CONTENTS
About Mikadoya
Concept
Set in Tsuwano, a town often called the “Little Kyoto” of San’in, Mikadoya is a fully Japanese-style standalone house converted from a former ryokan (traditional inn). Built in 1953 (Showa 28), the building preserves craftsmanship throughout—timber joinery, transom panels, and more—creating a space that feels as if time has gently come to a halt.
The culinary pillar here is wild ayu (sweetfish) from the pristine Takatsu River—often called the finest in Japan. Fish are procured exclusively from the stretch between Nichihara and Yokota, and prepared with restrained, meticulous techniques that draw out their fragrance and flavor to the fullest . In addition to an all-ayu tasting, there are seasonal courses such as soft-shelled turtle (suppon) and wagyu kaiseki, with menus that honor the ingredients of each season.
The Takatsu River has no dams and has been selected multiple times as “Japan’s cleanest” among first-class rivers. Ayu that graze on moss nurtured by its crystal-clear flow have an exceptional aroma and umami .
The Chef (Ichiro Yamane)
Ichiro Yamane, the third-generation chef, hails from Tsuwano. After graduating from the local high school, he trained around Japan and returned at 25 to take up the counter at Mikadoya.
In 2023 he appeared on TBS’s “Jonetsu Tairiku” (Passion Continent), introduced nationwide as a chef who knows the Takatsu River’s ayu inside out . His salt-grilled wild ayu, cooked with reverence for the region and the fish, is deceptively simple yet makes connoisseurs swoon.
Through his cooking, he conveys the nature of the Takatsu River and the culture of the town—an ethos that embodies the pride of a truly community-rooted restaurant.
About the Fourth Generation
After training at Kyoto’s renowned “Ogata,” the fourth generation has now returned to Tsuwano to work at Mikadoya. As the son of the third-generation chef, Ichiro Yamane, he has already begun taking the field.
While bringing in the poise and sensibility honed at Ogata, he carefully preserves flavors rooted in this land. His respect for ingredients—foremost the wild ayu of the Takatsu River—and his work that pares flavors to their clean contours reveal a sense of responsibility and resolve beyond his years, befitting an heir.
In the kitchen, his rhythm with the third generation is natural. With few words exchanged, their hands move, and each plate flows to completion. It remains a family business—unpretentious yet carefully inherited—and that air carries straight into the food.
In his choice of vessels and composition, you occasionally glimpse the sensibilities cultivated at Ogata, but they never dominate. It is unmistakably Mikadoya’s flavor, seamlessly woven into Tsuwano’s own timeline.
With the young fourth generation now on board, Mikadoya today radiates both the quiet confidence built up over generations and an open margin for what is to come. You can feel that “succession” and “renewal” have already begun.
Restaurant Accolades
Though located in the small town of Tsuwano in Shimane, Mikadoya’s name carries clear weight within the culinary world.

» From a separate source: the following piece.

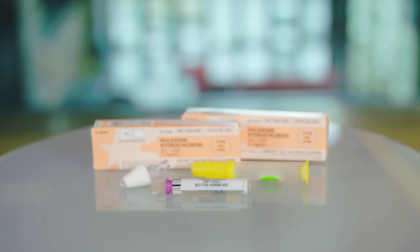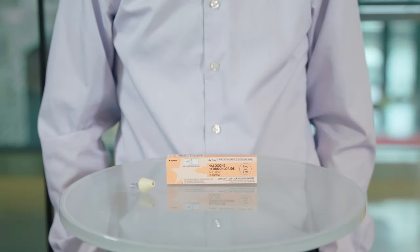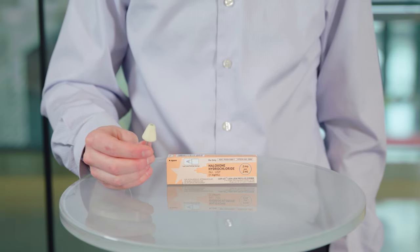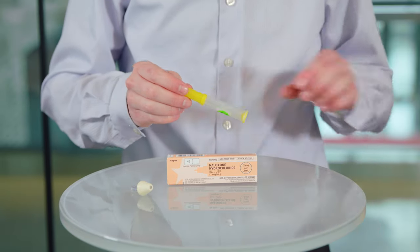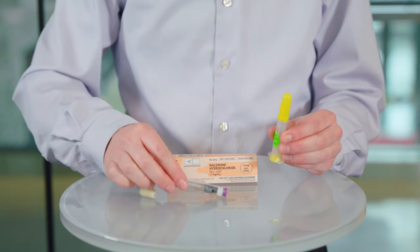Now, let's discuss how to use naloxone. The intranasal naloxone kit comes with a device called a nasal atomizer that helps to deliver drug to the nose, and a box like this. In the box, you'll find two pieces: the syringe and a medication vial. Each box contains one pre-filled dose.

In recent years in particular, its consecutive wins at the Tabelog Awards speak to that credibility. Silver in 2025, Bronze in 2024, and oscillating between Silver and Bronze in prior years—its evaluations remain steady. The number of guests who travel long distances to dine here reflects that standing.
It has also been selected multiple times for the “Tabelog Top 100 Japanese Restaurants – WEST.” The fact that it appears alongside Tokyo and Osaka as a restaurant supported by chefs and gourmets nationwide is significant. It shows the ability to compete on the same stage as top urban restaurants.
Furthermore, in the French guide “Gault&Millau,” it has been introduced with a high score of 16/20, so the recognition is not limited to Japan. Anchored in the blessings of its land, yet with a sharpened menu structure, thoughtful use of tableware, and the ability to beautifully compose even the “silences” of flavor—these strengths clearly reach external evaluators.
Among word-of-mouth reviews, the all-ayu course is the most discussed. Many express surprise—“Who knew grilling ayu alone could express so much”—and there are many repeat diners who say, “I want to visit once a year,” noting that from grilled fish to uruka (salted, fermented ayu entrails) to ayu rice, the course never wavers from start to finish.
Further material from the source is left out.